Is there really no alternative road route you could take that by passes the road?
Sadly not, coming home from the other direction would take me up a horrible 3 lane motorway like A road.
 

KneesUp

Guru
Fair point. To be honest, I haven't bought a really really cheap car before. The thought of a £500 car makes me worry about hidden maintenance costs down the road. Capital outlay isn't my biggest problem, after I eventually sell it on, it will have only cost me the running costs and depreciation.

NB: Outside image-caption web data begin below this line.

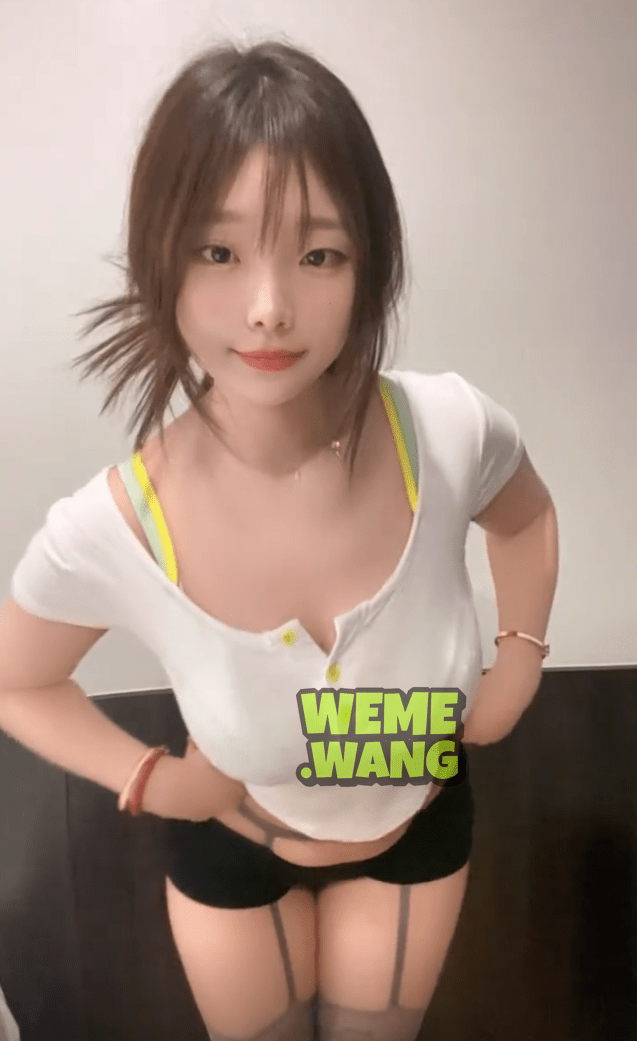 抖音红人昕昕：可甜可御，百万粉丝的养眼日常-1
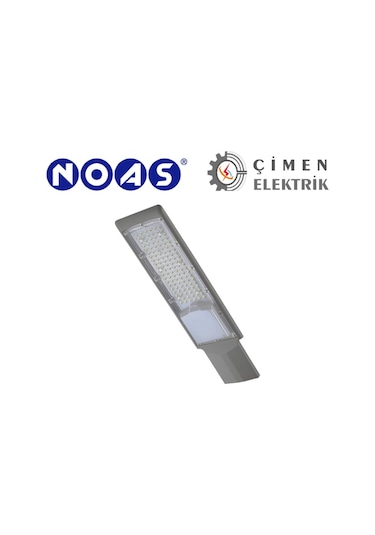 Noas Yl73 0200 200w Sokak Armatürü 6400k Beyaz Işık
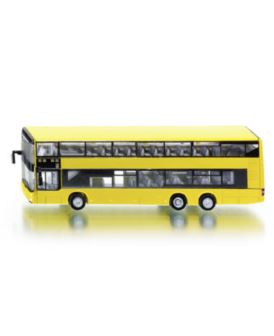 SIKU 1884 AUTOBUS PIĘTROWY MAN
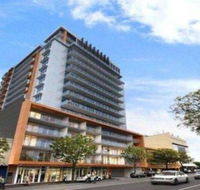 RNR Light Square - Yamba Accommodation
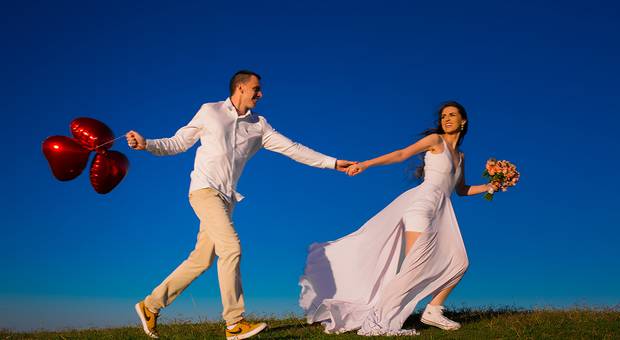 Ensaio CASAL de Maiara e André 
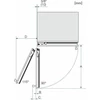 Miele KWT 2672 ViS MasterCool bortemperáló hűtő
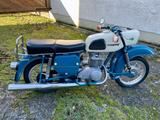 Mz 175-2 aus dem Jahr 1970 - MZ 175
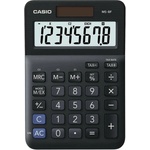 Casio MS-8F Калкулатори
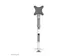 Neomounts NEXT One DS70S-950WH1 Support à fixer pour écran simple 17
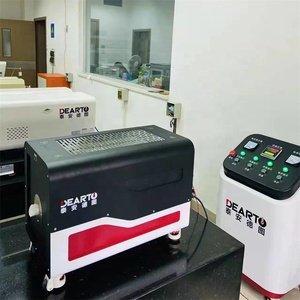 Calibração industrial e teste de termopares usados para medir altas temperaturas alta temperatura. Fornalha calibração TC - Product Image 2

But my £500 Fiesta depreciated by £50 in two years. A £6k car will depreciate much more than 10% in that time. I just make the obvious checks - does it start ok, does it sound ok, does it have weird stuff coming out the exhaust, does the MOT history suggest it's ok, does it have some service history, is the oil oil coloured, or at least black - and then take it to my local garage and get them to give it the once over once I've bought it - basically asking them what might need looking at in the next year. One car I bought they looked at on a Friday but wouldn't give it me back because they showed me photos of it's camblelt being basically down to the threads, but other than that the 4 or 5 cars I've taken to them over the years have all been fine. Don't buy a £500 car expecting it to be perfect, buy it expecting to spend a few hundred on fixing things to get yourself basically a perfectly functioning old car. Chances are you won't need to spend that money, but account for it, and you can't go far wrong.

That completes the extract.